I partially blocked the cooler with a piece of .025 stuck on with a dab of RTV. I would install it in the winter and remove for the summer. The shutter made it a lot easier.

My advice, for what that is worth, is for folks to stick with the Van's standard and see how it performs.
 
On my friend's ECI IO-360 RV-8, the stock Vans NDM 7-row cooler was so extremely inadequate, it was almost like having no cooler at all. We installed an expensive, large Stewart Warner cooler to solve that problem, and even after that it still runs pretty warm on hot summer days (220's).
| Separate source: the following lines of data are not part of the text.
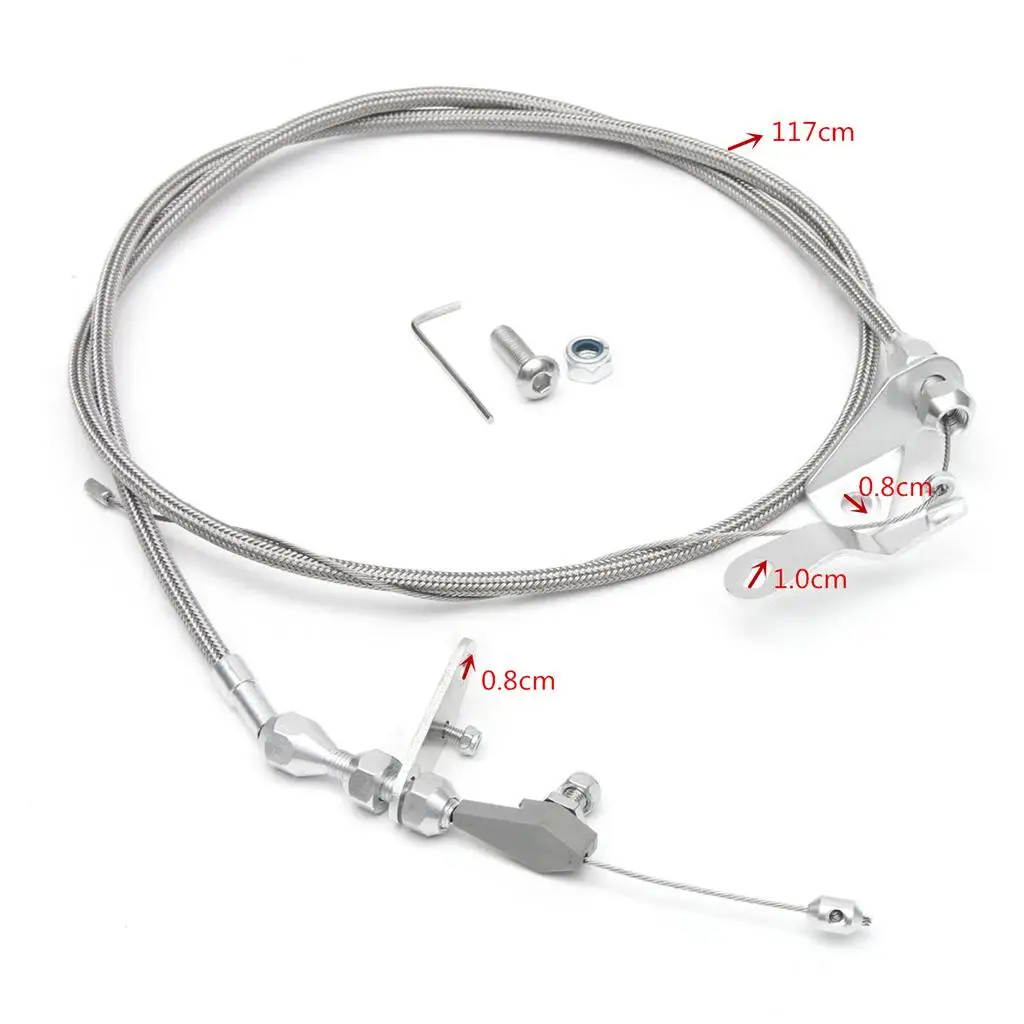 Accelerator Gas Throttle Cable Braided Stainless Transmission Detent Line for Ford C6 Easy Install Upgrade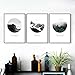Produktbild Cqzk Kreisförmige Wandkunst Leinwand Malerei Schnee Berg Poster und Drucke Leinwand Kunst Deich Wandbilder für Wohnzimmer 50X70cnx3 NO Frame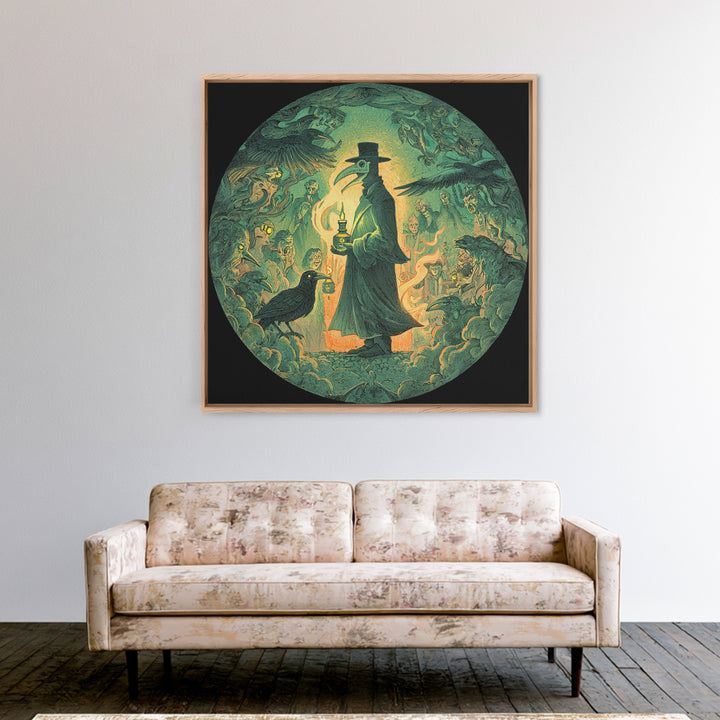 The Plague Doctor, Symbolist Etching Art, Square Wall Art, Dark Halloween Decor, Framed Canvas Print, Halloween Wall Art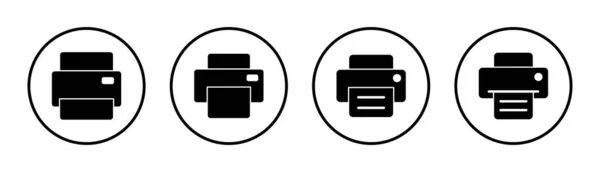 Print Icon Set Illustration Printer Sign Symbol — Stock Vector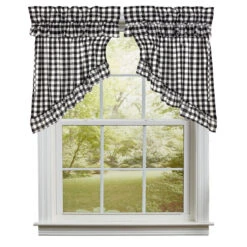 Annie Buffalo Check Black Prairie Gathered Curtains - Ruffled 72x36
On my factory stock Lycoming O-320, the stock 7-row NDM cooler works perfectly fine, even in Texas summer heat (highest temp I observed was 210 on a long climb on a hot day). Now that cooler autumn temps have arrived, I'm going to have to fashion some kind of shutter/door control to block off some airflow.

It really matters a lot which particular engine you're attempting to cool with the NDM 7-row cooler. For some engines, it's perfect.... and for others, it's woefully undersized.
 
Thanks to everyone for their expert commentary. I'm installing a Superior XPIO-360, will be flying in the northeast, and I think I'll use the Van's cooler. I won't have to modify the baffle, and if it's inadequate, I can upgrade later. Unless of course someone talks me out of it.

Regards,
 
I'd recommend an Aero Classics 9 or 10 row cooler for that engine.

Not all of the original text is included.